Professor Lee Ho-jun's research team in the Department of Artificial Intelligence develops ...
- Writer :External Affairs Team
- Date :2025.05.07
- Views :299
Professor Lee Ho-jun's research team in the Department of Artificial Intelligence develops a solution to the order bias of graph neural networks
- Development of a method to solve the order bias problem of graph neural networks, confirmation of improvement of graph neural networks performance
- Publication of research results in IEEE TNSE (IF=6.7, Top 3.3% in the field) which is the best international academic journal in network science

△ An overview of the structure and learnable structural augmentation and structural self-attention mechanisms of the DegFairGT model developed to solve the order bias problem
Professor Lee Ho-joon of The Catholic University of Korea's artificial intelligence department and Dr. Hwang Bantu from the Network Science Lab developed a technology that effectively overcomes the "Degree Bias problem," a representative limitation of graph neural networks (GNNs), through joint research with Hyun-joo Jeon of the Korea Next-Generation Numerical Prediction Model Development Project (KIAPS).

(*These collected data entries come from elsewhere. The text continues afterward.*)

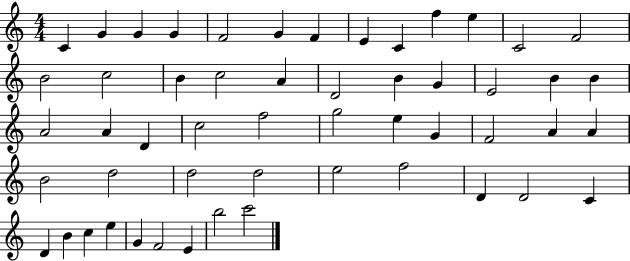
X:1
T:Untitled
M:4/4
L:1/4
K:C
C G G G F2 G F E C f e C2 F2 B2 c2 B c2 A D2 B G E2 B B A2 A D c2 f2 g2 e G F2 A A B2 d2 d2 d2 e2 f2 D D2 C D B c e G F2 E b2 c'2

The results of this study were published in IEEE Transactions on Network Science and Engineering (IF=6.7, top 3.3% in the field), the most prestigious international academic journal in network science, and were recognized for their excellence. The Catholic University of Korea's artificial intelligence and network science laboratory was once again recognized for its world-class research capabilities in the field of network science and graph neural networks following AAAI 2024 and AAA1 2025.
Graph neural networks deliver messages based on the principle of homogeneity that connected nodes have similar characteristics. However, in actual graph data, the order distribution is unbalanced, and messages are excessively concentrated on higher-order nodes, and low-order nodes frequently experience order bias problems that degrade their performance due to lack of information.
In response, the research team proposed a "DegFair GT (DegFairness Graph Transformer) model that mitigates order bias by utilizing learnable structural augmentation and structural self-attention mechanisms. This model solves the problem of under-expression of low-order nodes by discovering structural similarities between non-connected nodes and delivering additional messages to low-order nodes. In addition, it eliminates connections with low structural similarities to alleviate the problem of over-expression of higher-order nodes.
The core of the DegFairGT model is to actively learn structural similarities between unconnected nodes performing the same role and to aggregate messages containing additional useful information while maintaining existing connection relationships. In addition, to maintain the stability of the graph structure, a normalization method based on reconstructing the probability of information transition between nodes was introduced to minimize noise messages generated during the structural augmentation process.
As a result of the experiments, the proposed DegFairGT model showed superior results in order bias mitigation, node classification, and node clustering performance compared to existing state-of-the-art methods in various experiments using six datasets. This proves that it is a method that can fundamentally improve the order bias problem and improve the performance of graph neural networks in a balanced way.
"The aberration bias is a major challenge common in most real-world graph data," said Lee Ho-joon, a professor of artificial intelligence at The Catholic University of Korea. "This study is expected to greatly contribute to the spread and commercialization of graph neural network technology."